Exactly the lines from the line containing "รถ Toyota Corolla" through the final line of the entries below must be returned, and only those, without pictures.

-- Provided records follows --

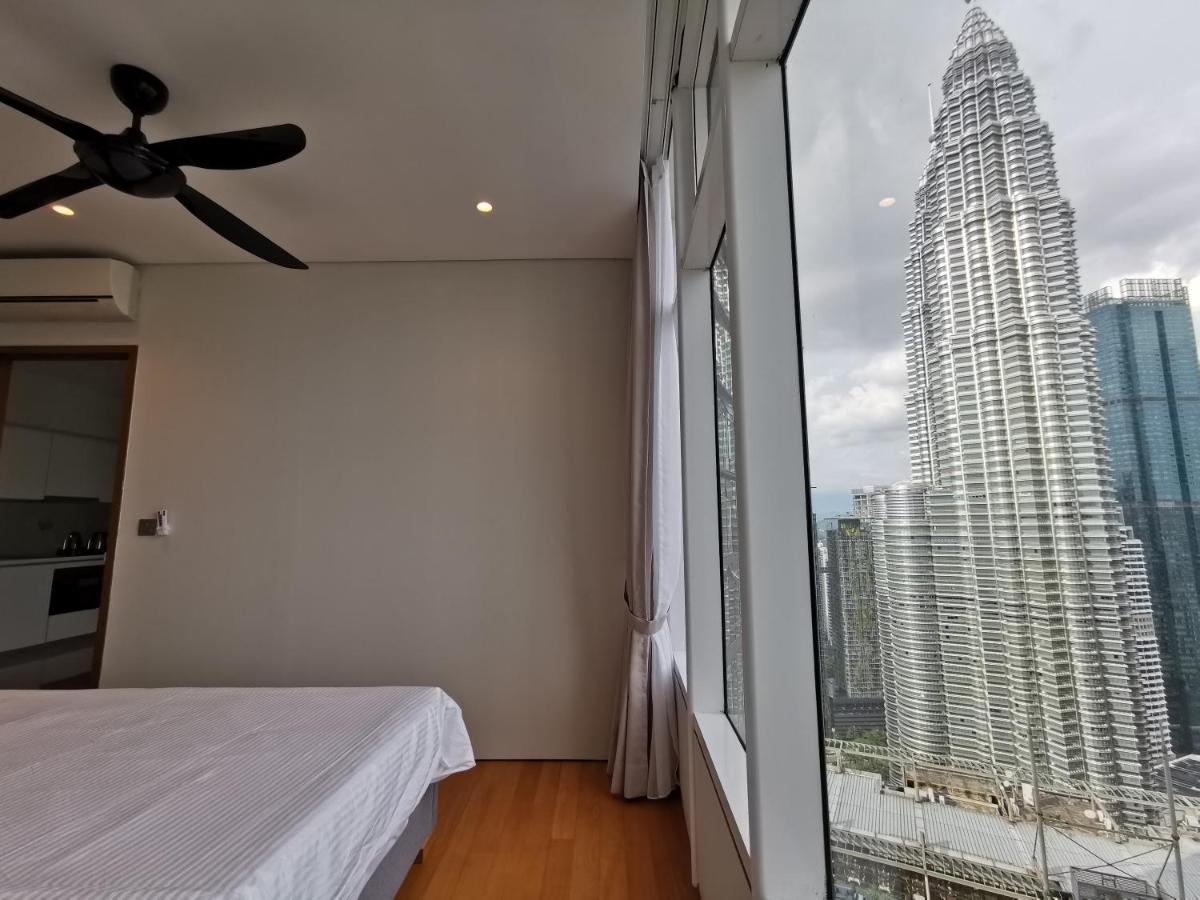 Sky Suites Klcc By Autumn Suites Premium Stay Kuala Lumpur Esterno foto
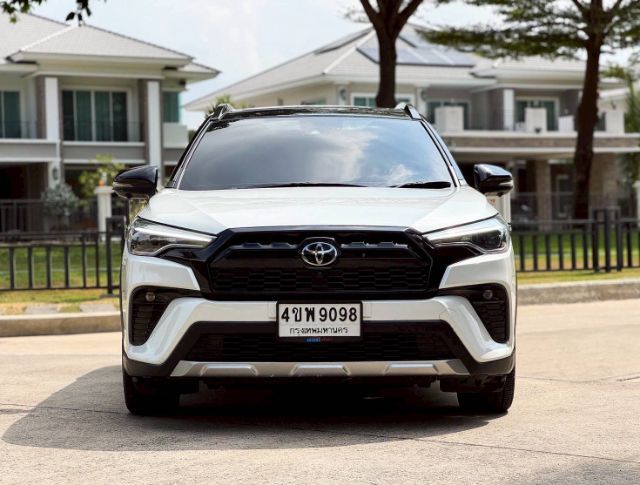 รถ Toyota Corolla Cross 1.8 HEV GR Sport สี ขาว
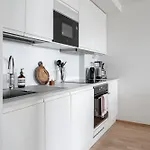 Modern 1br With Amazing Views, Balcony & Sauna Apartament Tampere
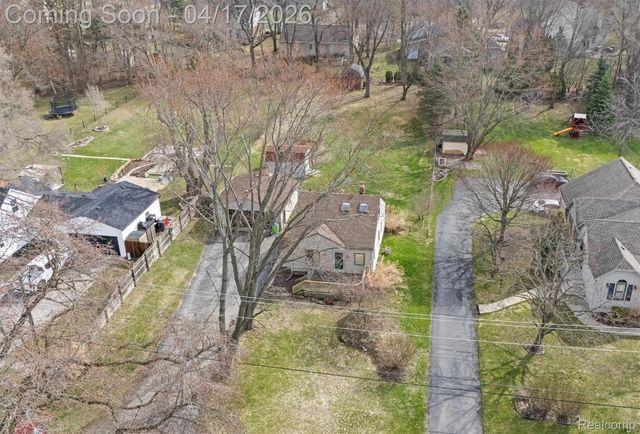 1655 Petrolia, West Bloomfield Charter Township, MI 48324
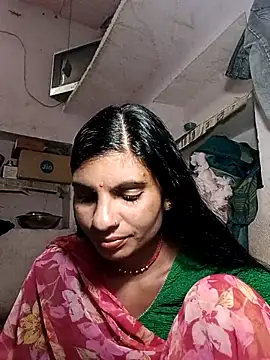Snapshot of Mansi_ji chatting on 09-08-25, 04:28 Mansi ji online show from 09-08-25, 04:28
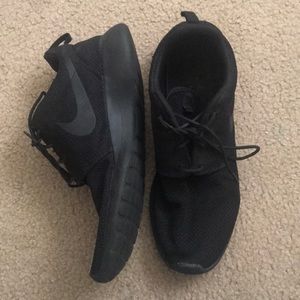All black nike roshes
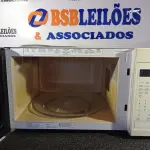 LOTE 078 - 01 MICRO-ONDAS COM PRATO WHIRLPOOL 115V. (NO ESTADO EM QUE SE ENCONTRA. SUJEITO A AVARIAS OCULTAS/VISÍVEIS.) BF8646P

-- Provided records concluded --

__Solution__.
 รถ Toyota Corolla Cross 1.8 HEV GR Sport สี ขาว
 Modern 1br With Amazing Views, Balcony & Sauna Apartament Tampere
 1655 Petrolia, West Bloomfield Charter Township, MI 48324
Snapshot of Mansi_ji chatting on 09-08-25, 04:28 Mansi ji online show from 09-08-25, 04:28
All black nike roshes
 LOTE 078 - 01 MICRO-ONDAS COM PRATO WHIRLPOOL 115V. (NO ESTADO EM QUE SE ENCONTRA. SUJEITO A AVARIAS OCULTAS/VISÍVEIS.) BF8646P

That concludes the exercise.